Matrix square roots
Whitening, preconditioning etc
August 5, 2014 — May 13, 2023
Assumed audience:
People with undergrad linear algebra
Interpretations and tricks for matrix square roots.
There are two types of things which are referred to as matrix square roots of a Hermitian matrix \(\mathrm{M}\) in circulation:
- \(\mathrm{X}\) such that \(\mathrm{X}\mathrm{X}=\mathrm{M}\), and
- \(\mathrm{X}\) such that \(\mathrm{X}\mathrm{X}^{\top}=\mathrm{M}\), when \(\mathrm{M}\) is positive semi-definite.
Sometimes either will do; other times we care about which. Sometimes we want a particular structure, e.g. lower triangular as in the Cholesky decomposition.
1 Almost low-rank roots
Perturbations of nearly-low rank matrices are not themselves nearly low rank in general, but there exist efficient algorithms for finding them at least.
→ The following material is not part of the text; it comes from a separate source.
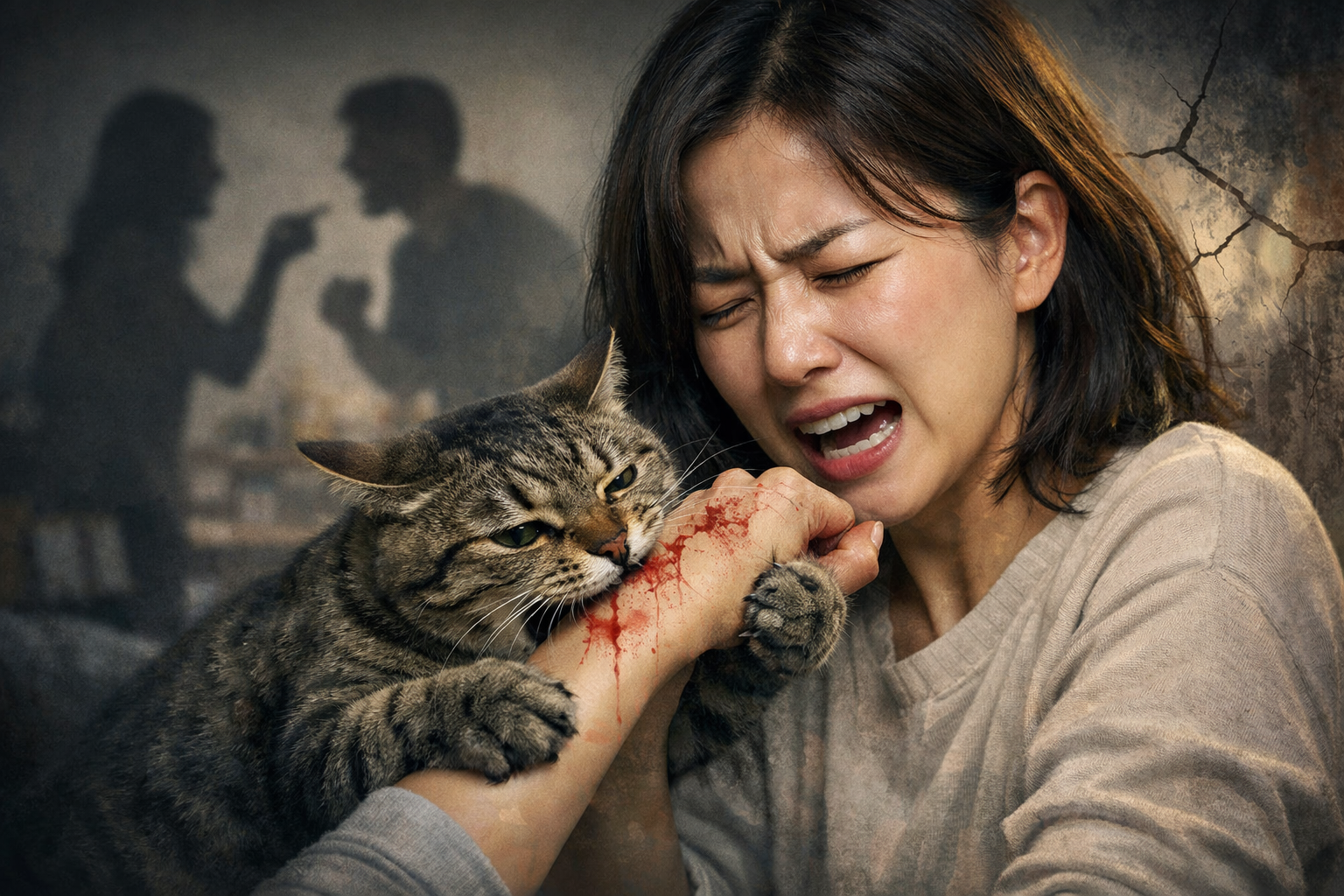 고양이 물리는 꿈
Fasi, Higham, and Liu (2023):
We consider the problem of computing the square root of a perturbation of the scaled identity matrix, \(\mathrm{A}=\alpha \mathrm{I}_n+\mathrm{U} \mathrm{V}^{H}\), where \(\mathrm{U}\) and \(\mathrm{V}\) are \(n \times k\) matrices with \(k \leq n\). This problem arises in various applications, including computer vision and optimization methods for machine learning. We derive a new formula for the \(p\)th root of \(\mathrm{A}\) that involves a weighted sum of powers of the \(p\)th root of the \(k \times k\) matrix \(\alpha \mathrm{I}_k+\mathrm{V}^{H} \mathrm{U}\). This formula is particularly attractive for the square root, since the sum has just one term when \(p=2\). We also derive a new class of Newton iterations for computing the square root that exploit the low-rank structure.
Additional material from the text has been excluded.